Before copying, find the line below that contains "Ivory Embroidered Sherwani"; then return it and all later lines exactly, up to and including the final line, with no pictures.

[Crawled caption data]
+ + + + +

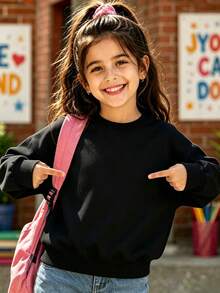 Girls' Cute Printed Drop-Shoulder Round-Neck Long-Sleeve Casual Sports Sweatshirt - Black - View 2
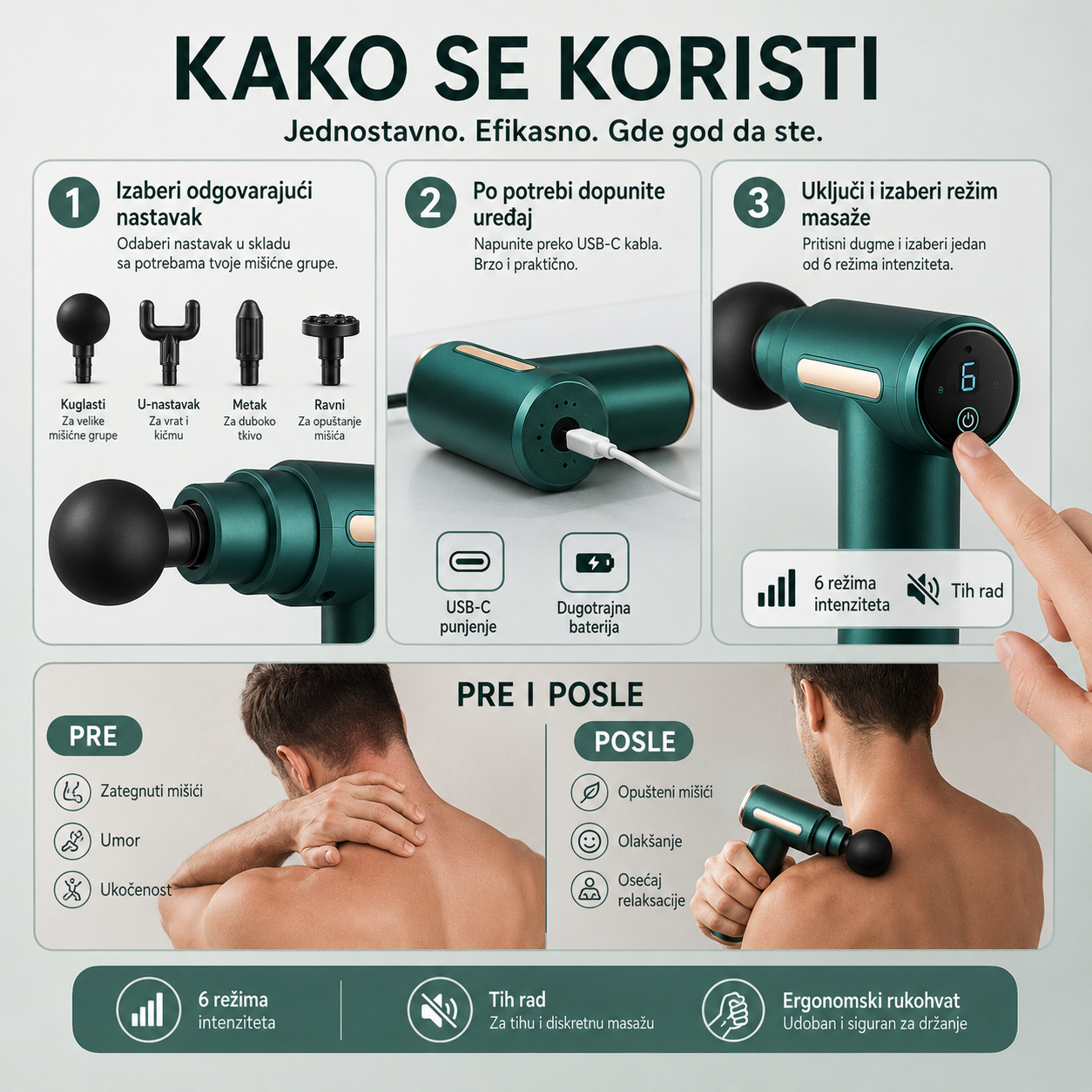 Masažer sa 4 nastavka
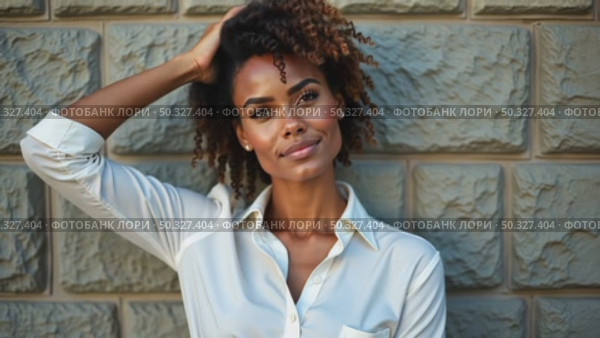 A black woman in a white blouse standing confidently with her arm raised against a textured stone wall, soft lighting enhancing. Стоковое AI-видео, аниматор Sergey Grishin / Фотобанк Лори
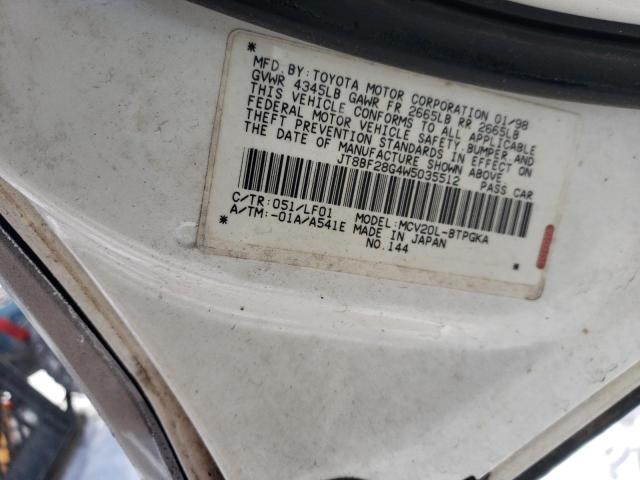 JT8BF28G4W5035512 - 1998 LEXUS ES 300 TWO TONE photo 12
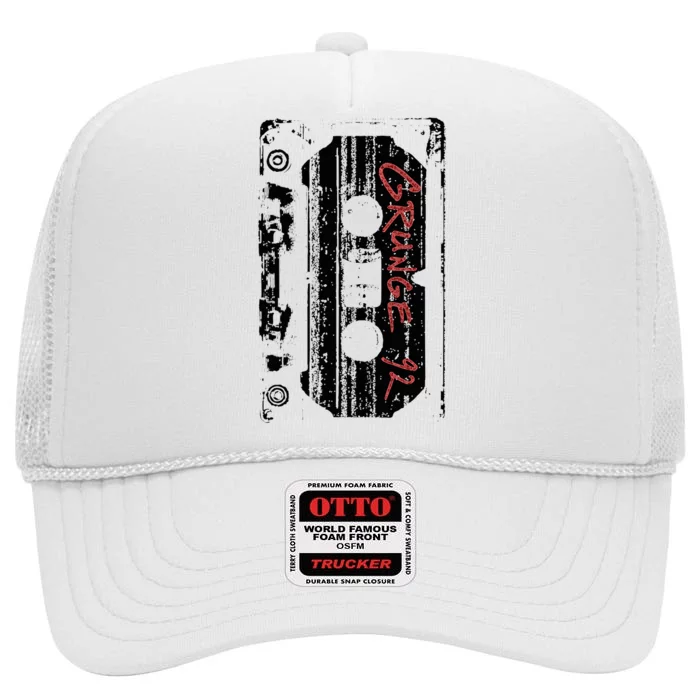 Grunge 90S Vintage Concert Mixtape Retro High Crown Mesh Trucker Hat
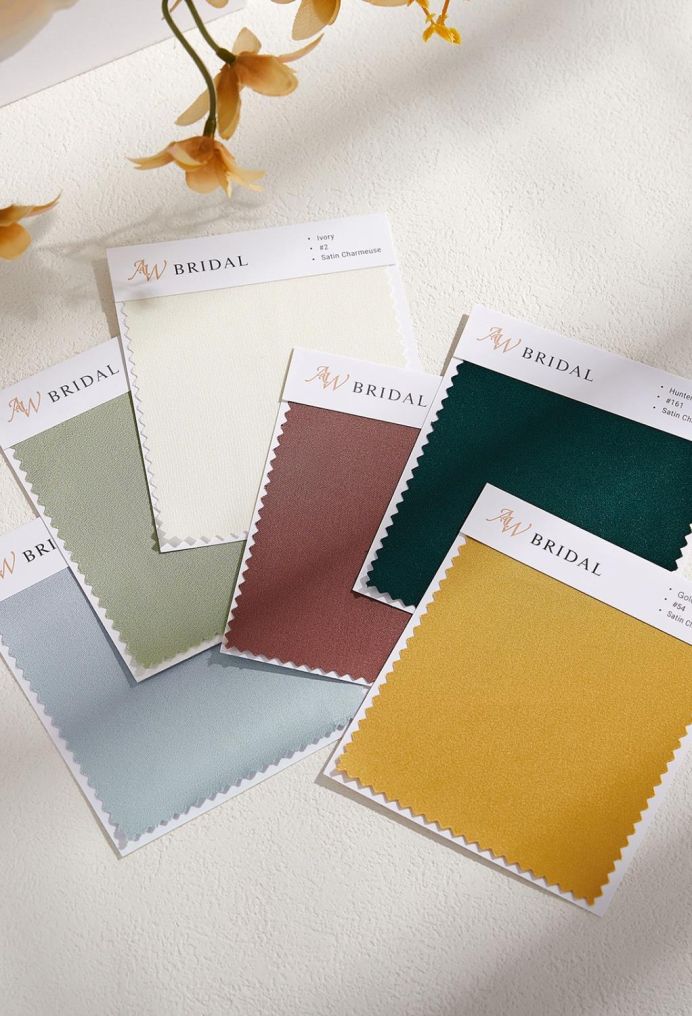 AW Satin Charmeuse Swatches for Bridal Dresses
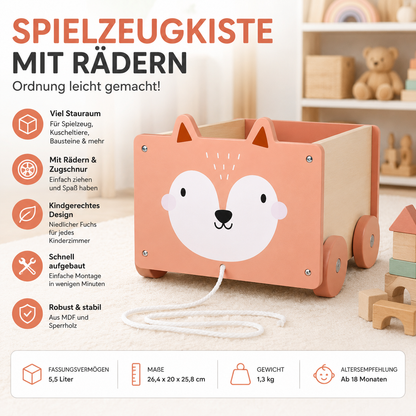 Navaris Spielzeugkiste Kinder Aufbewahrungsbox Holz Fuchs mit Rädern 26,4 cm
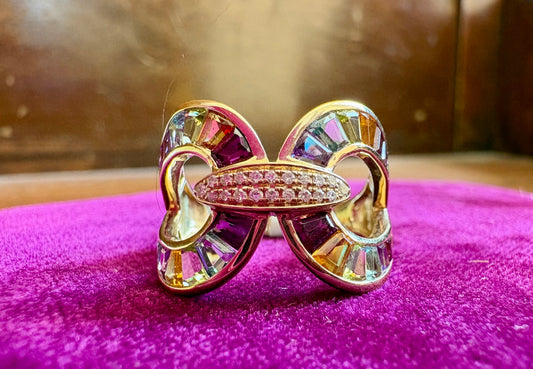 Vintage 14K Gold Rainbow & Diamond Accent Statement Ring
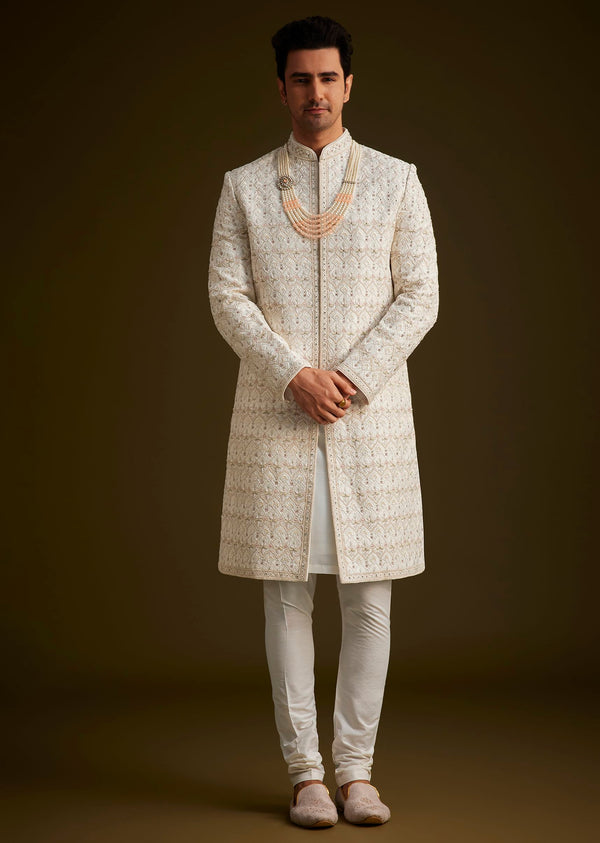 Ivory Embroidered Sherwani With Classic Pearl Detailing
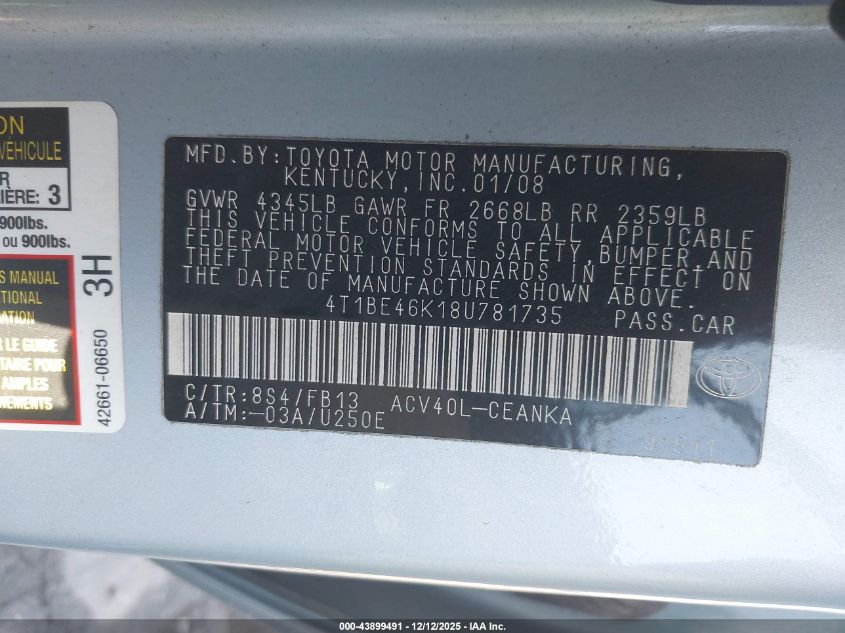 2008 Toyota Camry Le VIN: 4T1BE46K18U781735 Lot: 43899491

+ + + + +

● ANSWER FOR THE TASK:
 Ivory Embroidered Sherwani With Classic Pearl Detailing
 2008 Toyota Camry Le VIN: 4T1BE46K18U781735 Lot: 43899491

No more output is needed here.